Author:Ian Tsung-Yen Chen [Chen, Ian Tsung-Yen]
Language: eng
Format: epub
Tags: International Relations, Trade & Tariffs, Banks & Banking, Finance, Political Science, World, Business & Economics, Asian, General
ISBN: 9780429789519
Google: cd8JEAAAQBAJ
Goodreads: 54209553
Publisher: Routledge
Published: 2020-12-29T00:00:00+00:00


India: participation and restraint

India is an emerging global power hungry for inward investment in its infrastructure. Although the level of India’s physical and social infrastructure tops that of other South Asian developing countries, it still lags behind its fellow BRICS (Brazil, Russia, India, China, South Africa). Where it is most lacking is in access to electric power, internet access, level of air travel and quality of seaports. The elimination of poverty and access to health care, education and vocational training are also pressing items on the national agenda (Agrawal, 2015). According to the Global Competitiveness Report, India’s overall infrastructure performance ranked 68th out the 138 countries or economies surveyed (Schwab, 2016). Although its transportation facilities, especially rail, outperform many developing economies, it only ranks 88th in terms of electric power supply, putting it in the 36th percentile. The situation is even worse in rural areas. Instead of the construction or upgrading of basic transportation networks, efficient, reliable and affordable electricity supplies are critical to the country’s economic growth (Allcott, Collard-Wexler, & O’Connell, 2016). To sustain economic momentum, India is seeking to build closer connections with both the East and the West. Improving air, land and sea connectivity to the East is expected to generate trade and investment opportunities. Integration with countries to the west will open up more business opportunities and ensure a supply of oil from the Middle East across the Arabian Sea for this energy-hungry country. In 2018, India’s top four oil suppliers were in the Middle East (Abdi, 2018). The structure of India’s external trade relations demonstrates the importance of improving regional connectivity. According to official data, most of India’s top trading partners are in East Asia or the Middle East.3 Improving linkages with these regional countries is India’s main challenge.

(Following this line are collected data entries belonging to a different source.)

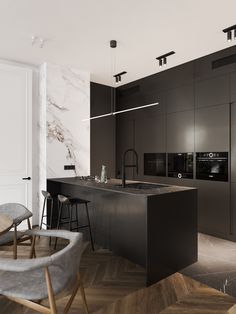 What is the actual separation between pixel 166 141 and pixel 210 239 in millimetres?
1960

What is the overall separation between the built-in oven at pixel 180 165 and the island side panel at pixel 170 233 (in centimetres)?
155

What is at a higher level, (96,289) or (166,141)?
(166,141)

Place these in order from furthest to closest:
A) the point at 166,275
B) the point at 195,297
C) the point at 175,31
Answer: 1. the point at 175,31
2. the point at 166,275
3. the point at 195,297

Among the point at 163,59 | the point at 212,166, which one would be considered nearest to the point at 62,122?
the point at 163,59

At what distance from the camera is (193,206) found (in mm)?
3172

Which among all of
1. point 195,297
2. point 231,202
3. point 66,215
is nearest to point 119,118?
point 66,215

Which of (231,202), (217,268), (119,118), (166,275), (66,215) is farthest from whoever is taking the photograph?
(119,118)

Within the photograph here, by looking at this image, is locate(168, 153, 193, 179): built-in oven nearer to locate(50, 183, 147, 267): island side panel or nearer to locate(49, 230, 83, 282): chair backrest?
locate(50, 183, 147, 267): island side panel

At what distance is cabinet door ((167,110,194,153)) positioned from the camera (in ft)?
15.2

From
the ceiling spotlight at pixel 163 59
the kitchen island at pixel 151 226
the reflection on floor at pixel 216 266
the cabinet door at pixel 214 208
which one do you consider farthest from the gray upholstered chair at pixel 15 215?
the ceiling spotlight at pixel 163 59

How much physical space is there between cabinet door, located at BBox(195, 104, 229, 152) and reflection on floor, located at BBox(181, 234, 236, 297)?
1.50 m

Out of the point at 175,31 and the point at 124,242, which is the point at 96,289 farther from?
the point at 175,31

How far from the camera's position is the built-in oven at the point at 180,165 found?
4672 mm

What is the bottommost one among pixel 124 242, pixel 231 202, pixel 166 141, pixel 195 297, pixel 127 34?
pixel 195 297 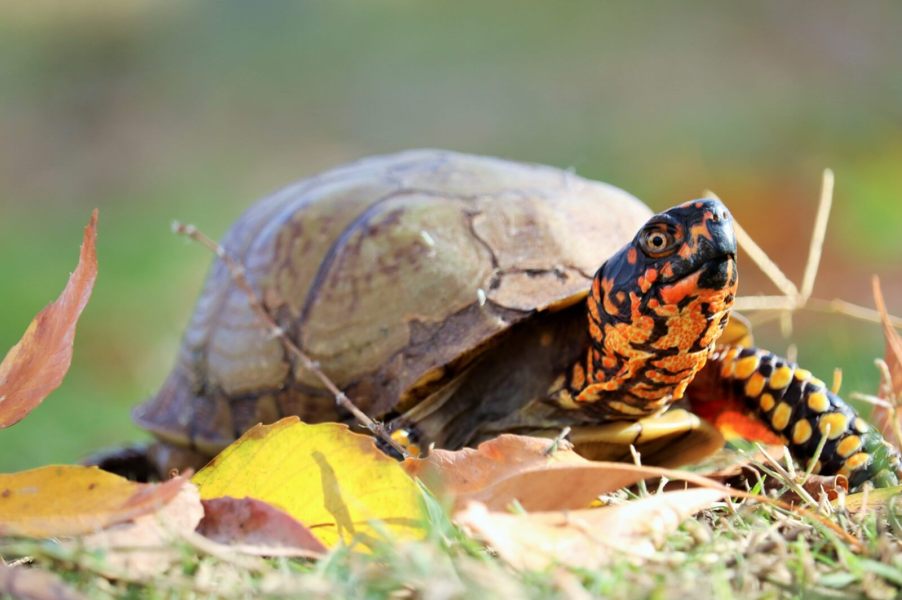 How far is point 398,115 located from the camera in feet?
39.0

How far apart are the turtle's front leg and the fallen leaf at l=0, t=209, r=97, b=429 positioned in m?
1.13

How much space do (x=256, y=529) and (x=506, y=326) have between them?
0.76 metres

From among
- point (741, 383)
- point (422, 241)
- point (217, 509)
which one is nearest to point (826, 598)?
point (217, 509)

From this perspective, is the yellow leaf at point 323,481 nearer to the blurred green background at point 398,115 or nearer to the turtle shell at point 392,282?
the turtle shell at point 392,282

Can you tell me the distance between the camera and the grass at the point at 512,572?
2.84 ft

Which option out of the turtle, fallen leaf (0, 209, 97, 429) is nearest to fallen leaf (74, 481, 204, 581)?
fallen leaf (0, 209, 97, 429)

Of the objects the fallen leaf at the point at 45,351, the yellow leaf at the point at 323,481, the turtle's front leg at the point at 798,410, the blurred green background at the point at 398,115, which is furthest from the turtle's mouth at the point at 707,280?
the blurred green background at the point at 398,115

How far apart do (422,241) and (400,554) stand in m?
1.03

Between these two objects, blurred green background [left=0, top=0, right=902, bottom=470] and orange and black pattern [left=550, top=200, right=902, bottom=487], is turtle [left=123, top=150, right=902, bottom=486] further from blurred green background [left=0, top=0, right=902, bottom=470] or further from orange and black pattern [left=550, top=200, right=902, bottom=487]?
blurred green background [left=0, top=0, right=902, bottom=470]

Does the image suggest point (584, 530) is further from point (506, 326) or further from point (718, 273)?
point (506, 326)

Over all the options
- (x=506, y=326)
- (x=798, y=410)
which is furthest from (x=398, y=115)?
(x=798, y=410)

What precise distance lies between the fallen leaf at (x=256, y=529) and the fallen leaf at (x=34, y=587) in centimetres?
20

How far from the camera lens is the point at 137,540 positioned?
1.00 m

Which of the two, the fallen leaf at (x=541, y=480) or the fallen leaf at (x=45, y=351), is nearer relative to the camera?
the fallen leaf at (x=541, y=480) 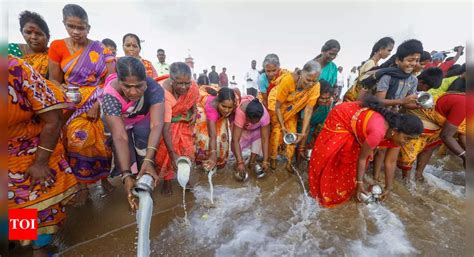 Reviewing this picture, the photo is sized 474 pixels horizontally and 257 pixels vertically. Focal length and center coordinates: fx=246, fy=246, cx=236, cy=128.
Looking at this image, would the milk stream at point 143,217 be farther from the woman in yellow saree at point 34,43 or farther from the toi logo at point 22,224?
the woman in yellow saree at point 34,43

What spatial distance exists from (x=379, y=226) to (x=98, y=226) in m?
2.68

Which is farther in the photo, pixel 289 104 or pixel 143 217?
pixel 289 104

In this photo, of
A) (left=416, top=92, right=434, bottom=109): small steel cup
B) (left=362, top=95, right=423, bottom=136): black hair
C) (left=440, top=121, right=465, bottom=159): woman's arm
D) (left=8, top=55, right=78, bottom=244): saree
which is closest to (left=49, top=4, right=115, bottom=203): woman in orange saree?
(left=8, top=55, right=78, bottom=244): saree

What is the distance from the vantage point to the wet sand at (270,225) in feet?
6.75

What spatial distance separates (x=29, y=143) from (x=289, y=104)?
2816 millimetres

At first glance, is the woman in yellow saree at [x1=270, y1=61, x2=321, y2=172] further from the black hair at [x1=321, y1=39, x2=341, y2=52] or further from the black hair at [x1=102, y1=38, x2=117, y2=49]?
the black hair at [x1=102, y1=38, x2=117, y2=49]

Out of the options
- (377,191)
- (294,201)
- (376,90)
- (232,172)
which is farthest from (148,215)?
(376,90)

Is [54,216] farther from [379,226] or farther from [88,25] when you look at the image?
[379,226]

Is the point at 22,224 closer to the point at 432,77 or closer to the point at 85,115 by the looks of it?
the point at 85,115

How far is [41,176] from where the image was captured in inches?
66.6

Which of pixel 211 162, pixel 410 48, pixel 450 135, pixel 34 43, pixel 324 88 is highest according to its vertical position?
pixel 410 48

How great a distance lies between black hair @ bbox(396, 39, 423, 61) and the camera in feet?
8.34

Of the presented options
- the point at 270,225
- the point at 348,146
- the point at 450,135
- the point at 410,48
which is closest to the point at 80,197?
the point at 270,225

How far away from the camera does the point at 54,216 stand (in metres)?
1.81
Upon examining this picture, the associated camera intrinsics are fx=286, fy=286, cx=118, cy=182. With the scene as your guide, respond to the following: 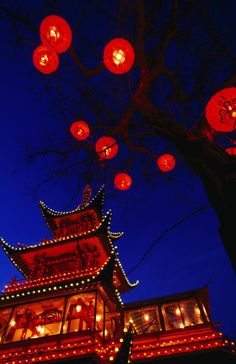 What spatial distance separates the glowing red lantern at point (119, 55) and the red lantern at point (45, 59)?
105cm

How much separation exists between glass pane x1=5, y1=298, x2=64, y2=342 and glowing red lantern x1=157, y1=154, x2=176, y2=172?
29.7 feet

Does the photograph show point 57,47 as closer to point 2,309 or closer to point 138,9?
point 138,9

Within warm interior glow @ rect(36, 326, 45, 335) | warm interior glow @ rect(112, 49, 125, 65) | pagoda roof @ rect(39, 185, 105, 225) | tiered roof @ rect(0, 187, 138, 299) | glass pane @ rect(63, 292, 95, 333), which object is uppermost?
pagoda roof @ rect(39, 185, 105, 225)

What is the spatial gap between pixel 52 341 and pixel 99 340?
6.15 ft

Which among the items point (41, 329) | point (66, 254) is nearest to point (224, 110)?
point (41, 329)

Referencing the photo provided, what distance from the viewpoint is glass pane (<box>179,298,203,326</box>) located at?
38.9 ft

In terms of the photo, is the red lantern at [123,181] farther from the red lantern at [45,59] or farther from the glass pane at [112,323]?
the glass pane at [112,323]

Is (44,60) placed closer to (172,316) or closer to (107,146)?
(107,146)

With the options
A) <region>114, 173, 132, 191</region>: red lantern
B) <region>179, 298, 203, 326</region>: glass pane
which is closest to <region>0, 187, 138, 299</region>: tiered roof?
<region>179, 298, 203, 326</region>: glass pane

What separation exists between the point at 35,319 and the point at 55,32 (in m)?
12.3

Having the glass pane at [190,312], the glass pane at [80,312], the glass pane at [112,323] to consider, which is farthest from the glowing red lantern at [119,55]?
the glass pane at [112,323]

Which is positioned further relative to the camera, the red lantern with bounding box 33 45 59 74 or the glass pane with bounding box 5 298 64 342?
the glass pane with bounding box 5 298 64 342

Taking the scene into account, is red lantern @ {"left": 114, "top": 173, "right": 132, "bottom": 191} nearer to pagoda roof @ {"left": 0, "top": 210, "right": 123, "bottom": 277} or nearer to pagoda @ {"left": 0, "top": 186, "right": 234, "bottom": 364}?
pagoda @ {"left": 0, "top": 186, "right": 234, "bottom": 364}

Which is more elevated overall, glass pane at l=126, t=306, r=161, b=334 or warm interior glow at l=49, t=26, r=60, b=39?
glass pane at l=126, t=306, r=161, b=334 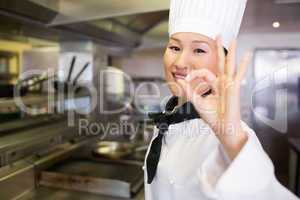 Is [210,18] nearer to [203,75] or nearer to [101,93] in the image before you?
[203,75]

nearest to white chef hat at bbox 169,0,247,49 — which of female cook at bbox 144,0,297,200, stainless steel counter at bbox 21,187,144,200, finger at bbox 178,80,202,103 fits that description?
female cook at bbox 144,0,297,200

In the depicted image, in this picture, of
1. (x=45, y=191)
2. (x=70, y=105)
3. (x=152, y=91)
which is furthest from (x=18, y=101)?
(x=152, y=91)

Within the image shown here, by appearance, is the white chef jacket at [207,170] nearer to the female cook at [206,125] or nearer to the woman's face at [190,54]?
the female cook at [206,125]

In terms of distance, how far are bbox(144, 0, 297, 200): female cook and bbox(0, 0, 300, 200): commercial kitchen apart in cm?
10

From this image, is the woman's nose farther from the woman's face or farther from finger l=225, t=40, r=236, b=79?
finger l=225, t=40, r=236, b=79

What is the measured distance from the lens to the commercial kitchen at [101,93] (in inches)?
21.8

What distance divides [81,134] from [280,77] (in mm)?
995

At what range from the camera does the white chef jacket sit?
0.38 metres

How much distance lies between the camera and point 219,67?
41 centimetres

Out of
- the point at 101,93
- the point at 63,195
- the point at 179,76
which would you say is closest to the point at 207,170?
the point at 179,76

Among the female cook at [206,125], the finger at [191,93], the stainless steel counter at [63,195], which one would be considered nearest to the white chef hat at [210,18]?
the female cook at [206,125]

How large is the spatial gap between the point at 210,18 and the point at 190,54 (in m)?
0.07

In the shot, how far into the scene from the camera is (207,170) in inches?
17.1

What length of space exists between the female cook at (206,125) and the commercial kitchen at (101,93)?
0.10 m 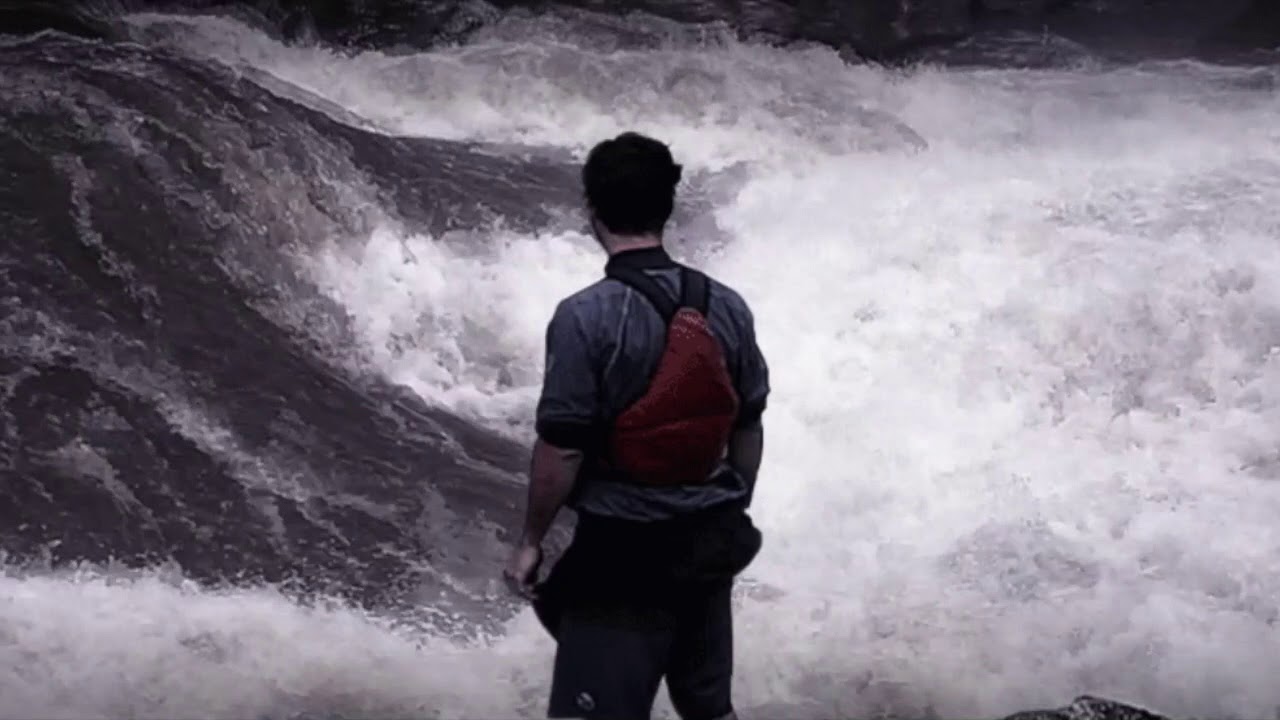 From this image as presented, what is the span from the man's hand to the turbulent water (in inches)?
80.3

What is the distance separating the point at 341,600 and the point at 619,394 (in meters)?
2.71

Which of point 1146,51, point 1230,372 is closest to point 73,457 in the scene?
point 1230,372

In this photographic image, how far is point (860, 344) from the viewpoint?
23.1ft

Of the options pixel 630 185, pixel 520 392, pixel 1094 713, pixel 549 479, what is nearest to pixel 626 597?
pixel 549 479

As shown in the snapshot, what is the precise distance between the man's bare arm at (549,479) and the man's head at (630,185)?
0.37 metres

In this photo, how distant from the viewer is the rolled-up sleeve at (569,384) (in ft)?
8.84

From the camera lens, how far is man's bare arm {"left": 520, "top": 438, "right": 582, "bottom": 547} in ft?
8.96

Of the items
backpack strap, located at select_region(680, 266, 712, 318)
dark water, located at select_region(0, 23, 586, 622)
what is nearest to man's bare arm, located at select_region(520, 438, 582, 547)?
backpack strap, located at select_region(680, 266, 712, 318)

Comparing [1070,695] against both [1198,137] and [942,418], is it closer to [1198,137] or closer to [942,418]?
[942,418]

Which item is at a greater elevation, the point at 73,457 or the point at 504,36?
the point at 504,36

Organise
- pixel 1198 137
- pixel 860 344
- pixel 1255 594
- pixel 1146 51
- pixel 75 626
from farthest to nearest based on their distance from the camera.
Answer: pixel 1146 51, pixel 1198 137, pixel 860 344, pixel 1255 594, pixel 75 626

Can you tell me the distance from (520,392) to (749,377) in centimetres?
373

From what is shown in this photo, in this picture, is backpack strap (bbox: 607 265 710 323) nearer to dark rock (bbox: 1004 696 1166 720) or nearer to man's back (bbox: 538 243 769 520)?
man's back (bbox: 538 243 769 520)

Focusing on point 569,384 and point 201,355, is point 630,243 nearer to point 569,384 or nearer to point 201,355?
point 569,384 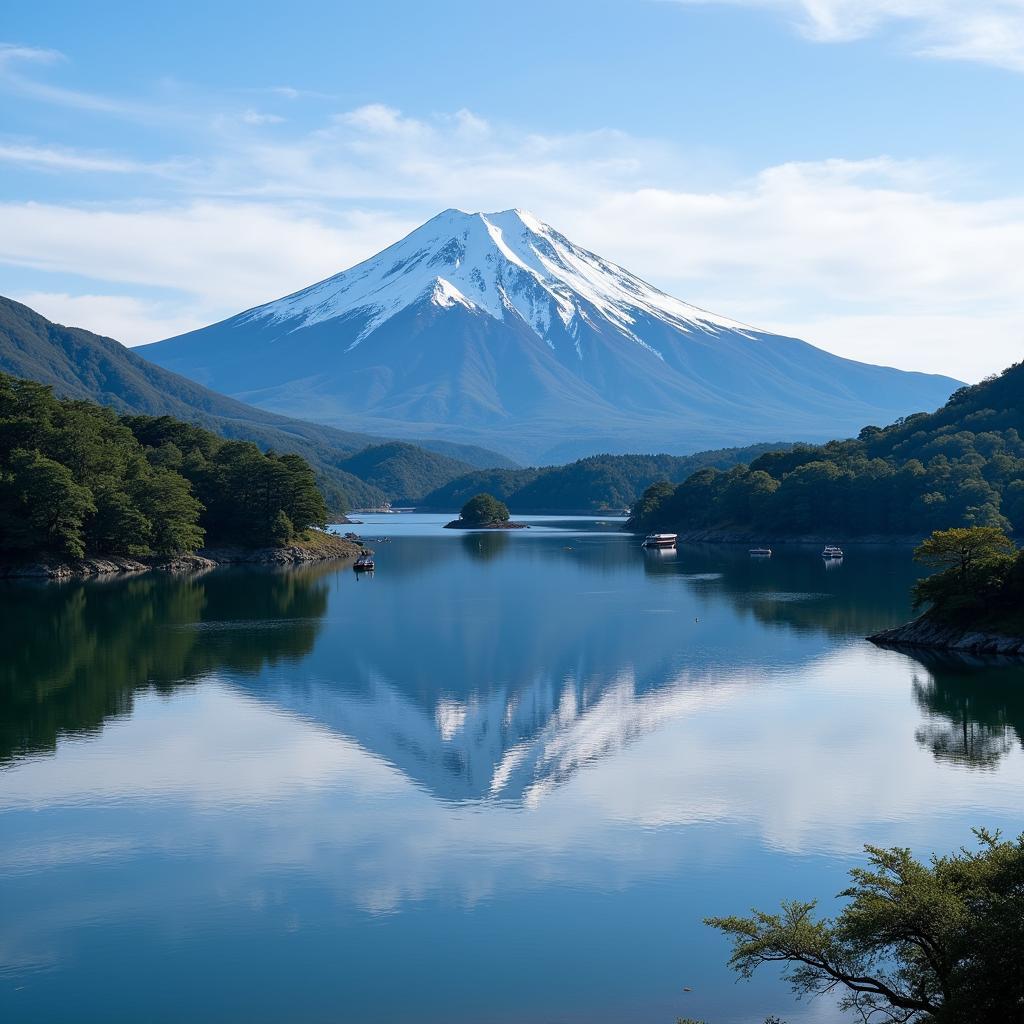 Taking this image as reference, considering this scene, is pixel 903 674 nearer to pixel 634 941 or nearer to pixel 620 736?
pixel 620 736

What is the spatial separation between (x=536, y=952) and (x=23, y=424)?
6829 cm

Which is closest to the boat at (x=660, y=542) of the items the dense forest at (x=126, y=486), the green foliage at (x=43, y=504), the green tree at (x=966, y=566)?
the dense forest at (x=126, y=486)

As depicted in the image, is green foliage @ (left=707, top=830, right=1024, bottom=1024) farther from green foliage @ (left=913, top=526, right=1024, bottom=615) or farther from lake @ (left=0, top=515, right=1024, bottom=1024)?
green foliage @ (left=913, top=526, right=1024, bottom=615)

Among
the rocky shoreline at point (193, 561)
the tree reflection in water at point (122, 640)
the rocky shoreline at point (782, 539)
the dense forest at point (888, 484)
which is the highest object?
the dense forest at point (888, 484)

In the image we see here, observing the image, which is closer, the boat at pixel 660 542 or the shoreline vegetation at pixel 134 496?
the shoreline vegetation at pixel 134 496

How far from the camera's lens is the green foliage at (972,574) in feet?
138

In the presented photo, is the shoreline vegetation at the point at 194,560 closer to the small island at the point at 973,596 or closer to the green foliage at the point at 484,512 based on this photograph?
the small island at the point at 973,596

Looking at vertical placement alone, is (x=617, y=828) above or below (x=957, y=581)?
below

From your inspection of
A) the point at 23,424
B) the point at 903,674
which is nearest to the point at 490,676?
the point at 903,674

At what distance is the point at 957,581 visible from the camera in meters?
43.2

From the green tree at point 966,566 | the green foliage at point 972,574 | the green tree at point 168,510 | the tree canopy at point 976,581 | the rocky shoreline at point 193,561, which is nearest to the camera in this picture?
the tree canopy at point 976,581

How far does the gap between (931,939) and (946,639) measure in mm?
32700

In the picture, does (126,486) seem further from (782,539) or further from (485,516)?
(485,516)

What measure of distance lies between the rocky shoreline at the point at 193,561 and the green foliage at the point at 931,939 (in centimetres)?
6566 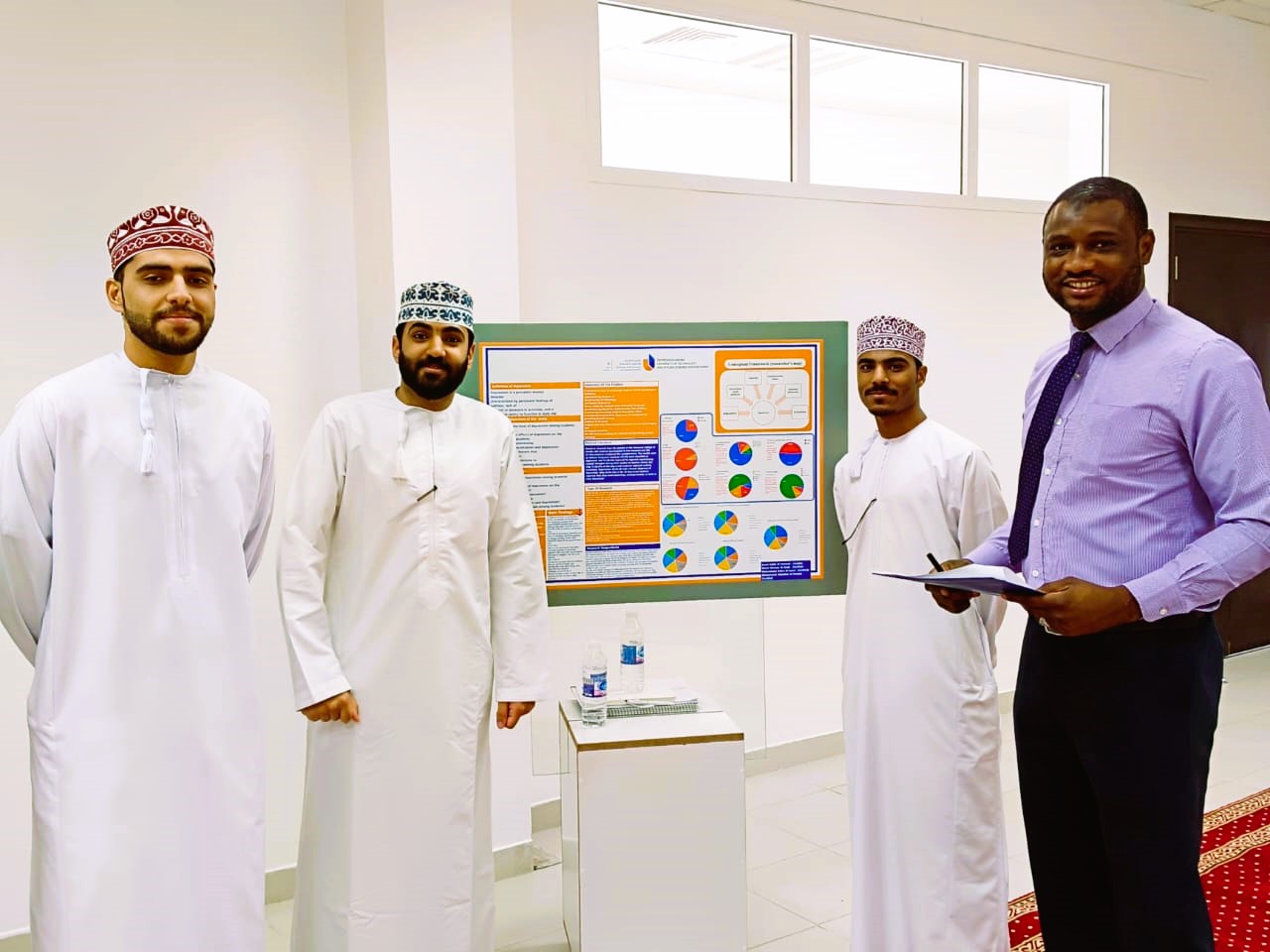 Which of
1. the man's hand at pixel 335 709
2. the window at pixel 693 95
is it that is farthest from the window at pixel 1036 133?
the man's hand at pixel 335 709

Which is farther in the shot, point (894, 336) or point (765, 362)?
point (765, 362)

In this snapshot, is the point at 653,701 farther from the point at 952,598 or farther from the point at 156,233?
→ the point at 156,233

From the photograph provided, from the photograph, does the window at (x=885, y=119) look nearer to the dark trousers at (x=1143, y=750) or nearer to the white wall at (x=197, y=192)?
the white wall at (x=197, y=192)

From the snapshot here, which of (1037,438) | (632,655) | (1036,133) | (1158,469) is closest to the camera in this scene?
(1158,469)

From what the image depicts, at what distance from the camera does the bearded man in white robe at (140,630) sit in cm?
207

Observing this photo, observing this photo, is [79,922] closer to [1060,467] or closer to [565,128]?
Result: [1060,467]

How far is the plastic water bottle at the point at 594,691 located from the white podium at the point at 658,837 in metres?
0.04

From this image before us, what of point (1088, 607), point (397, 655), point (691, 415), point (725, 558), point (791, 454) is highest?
point (691, 415)

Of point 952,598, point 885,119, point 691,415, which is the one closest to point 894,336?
point 691,415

This major regional and global power had the world’s second largest population (1.31 billion) and was its seventh largest economy in 2018.4 Since 1990, China and India have been considered to be the two most promising emerging powers in Asia. They were numbered among the BRICS by Goldman Sachs for their outstanding economic growth (O’Neill, 2011). At the beginning of the 1990s, India’s GDP rivaled China’s GDP, both of which were around US$350 billion (in current US$). Due to its smaller population, India had a higher GDP per capita in the early 1990s. Since the mid-1990s, however, China’s GDP has rapidly surpassed that of India, making it the world’s second largest economy, producing five times more than India both in total and per capita. In terms of military spending, India spent a little more than China, although both countries spent about US$10 billion. Since then, the gap has widened rapidly. In 2018, China spent US$250 billion on its military, 3.76 times more than India.5 If one accepts that a state’s national power includes both economic scale and military power, the power gap between China and India has widened between the 1990s and the 2010s. Faced with China’s ever-increasing dominance in the region and Beijing’s geopolitical and geo-economic expansion, some Indian scholars took the attitude that “if you can’t beat them, join them.